_Dataset records_:
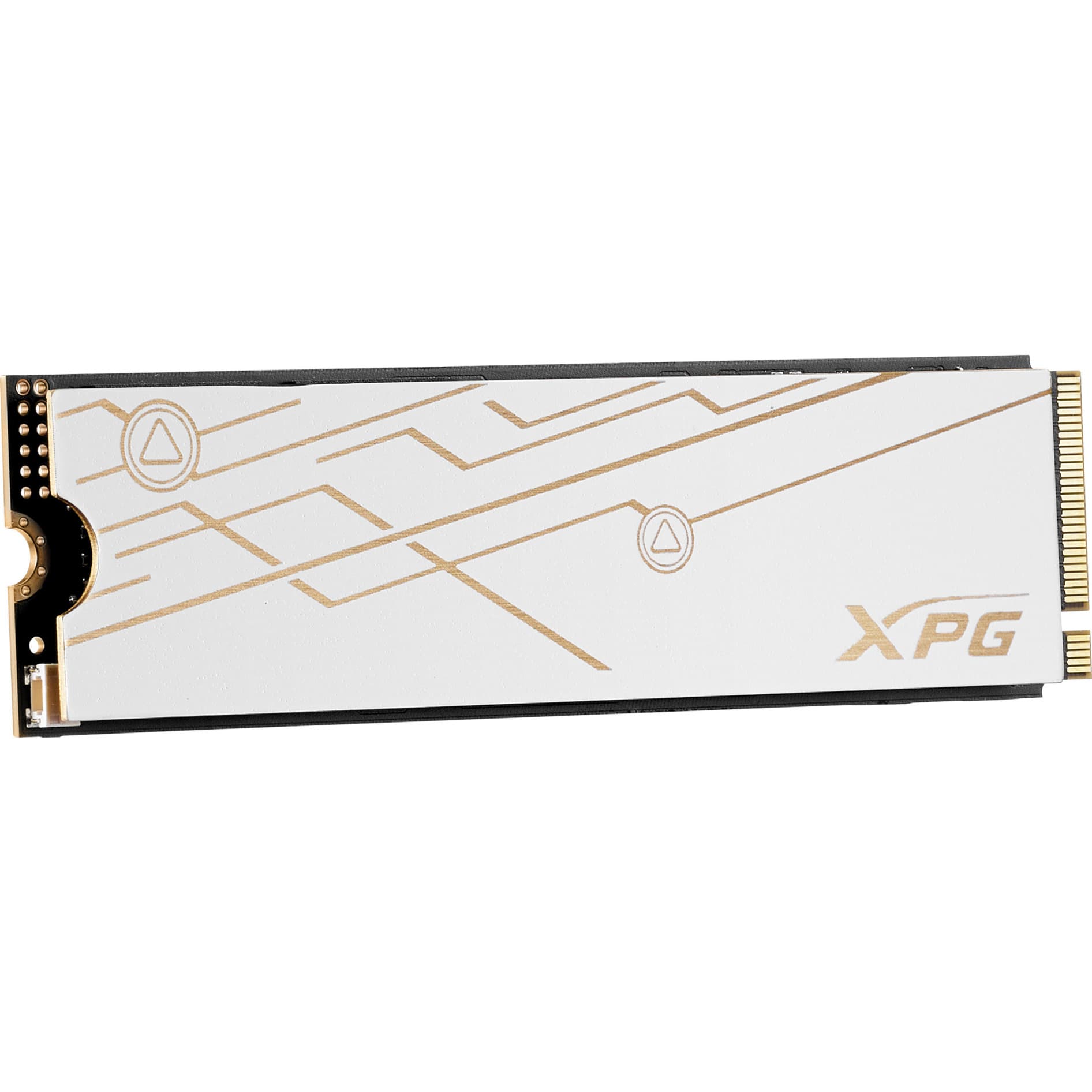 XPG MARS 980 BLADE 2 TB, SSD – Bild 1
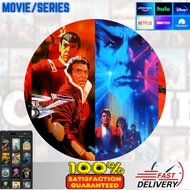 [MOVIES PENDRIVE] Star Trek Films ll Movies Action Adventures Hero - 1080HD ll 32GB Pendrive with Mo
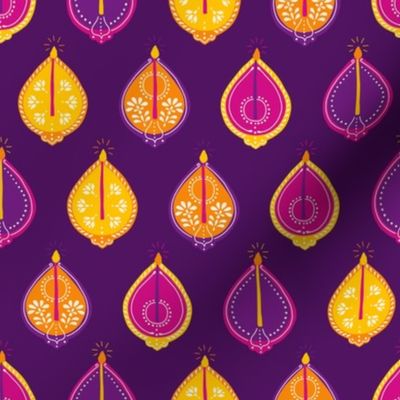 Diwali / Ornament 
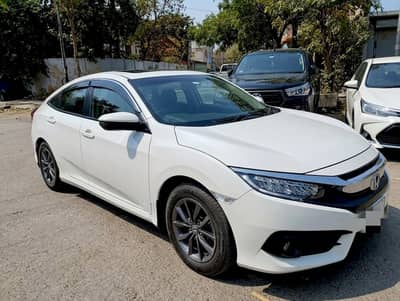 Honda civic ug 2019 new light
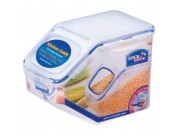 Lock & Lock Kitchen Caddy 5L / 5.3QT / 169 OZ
==
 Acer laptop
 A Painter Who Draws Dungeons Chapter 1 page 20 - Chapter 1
* * *
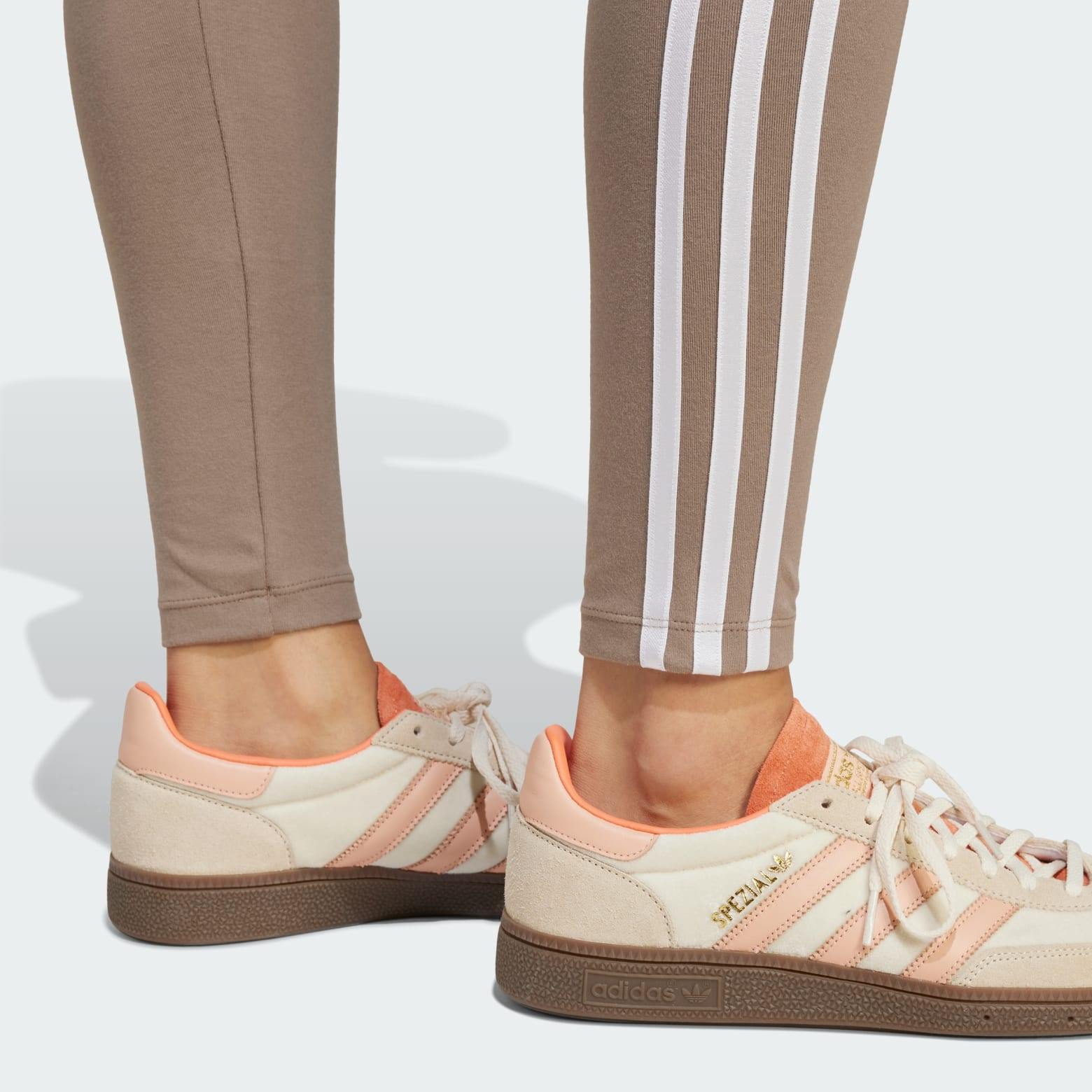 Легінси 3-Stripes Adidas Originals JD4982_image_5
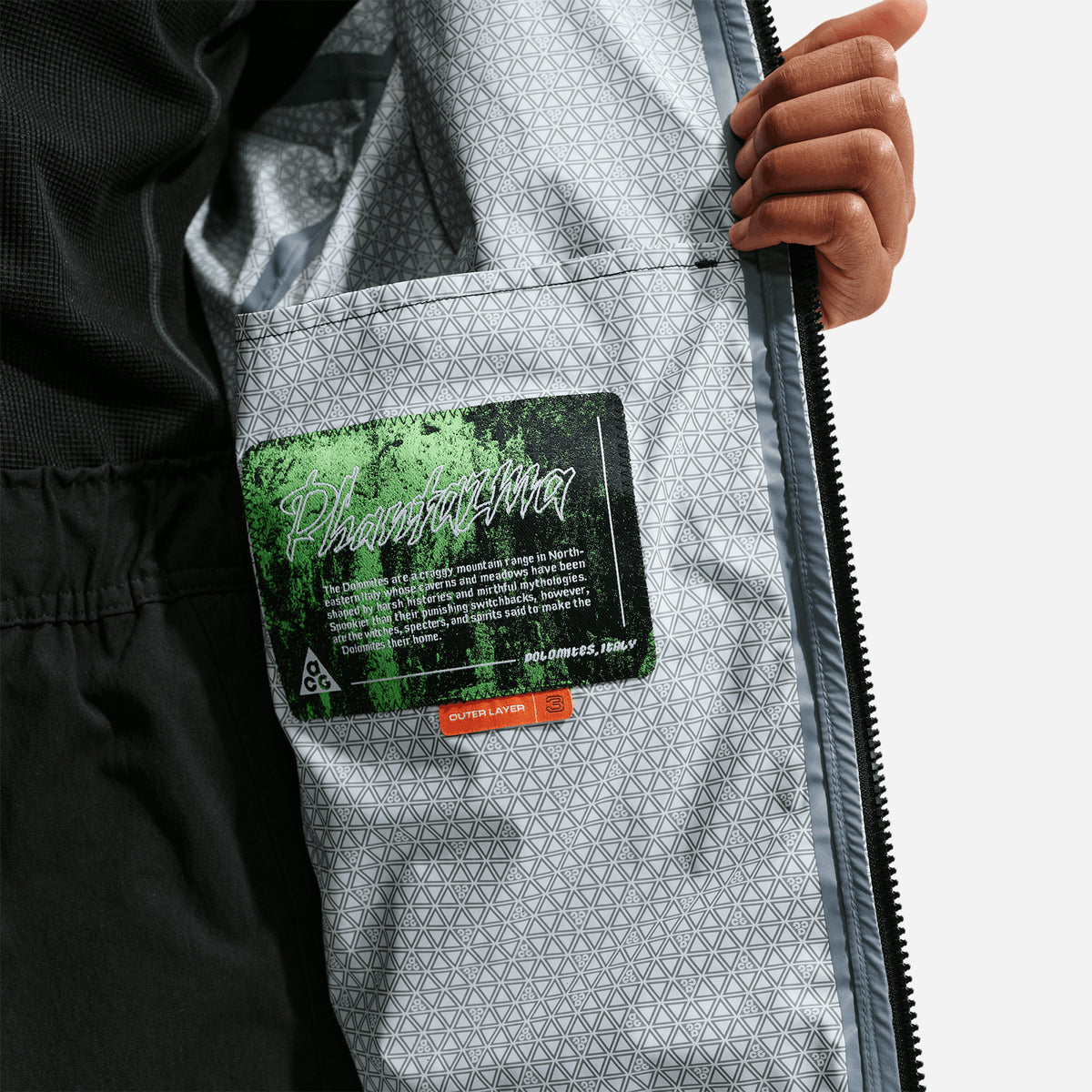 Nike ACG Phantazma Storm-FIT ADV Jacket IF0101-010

_Brief_: In the material above, which lines fall between the one holding "XPG MARS 980 BLADE 2 TB, SSD – Bild 1" and the one holding "Lock & Lock", inclusive? Print exactly those, with the pictures left out.

_Completed exercise_:
 XPG MARS 980 BLADE 2 TB, SSD – Bild 1
 [MOVIES PENDRIVE] Star Trek Films ll Movies Action Adventures Hero - 1080HD ll 32GB Pendrive with Mo
 Diwali / Ornament 
 Honda civic ug 2019 new light
 Lock & Lock Kitchen Caddy 5L / 5.3QT / 169 OZ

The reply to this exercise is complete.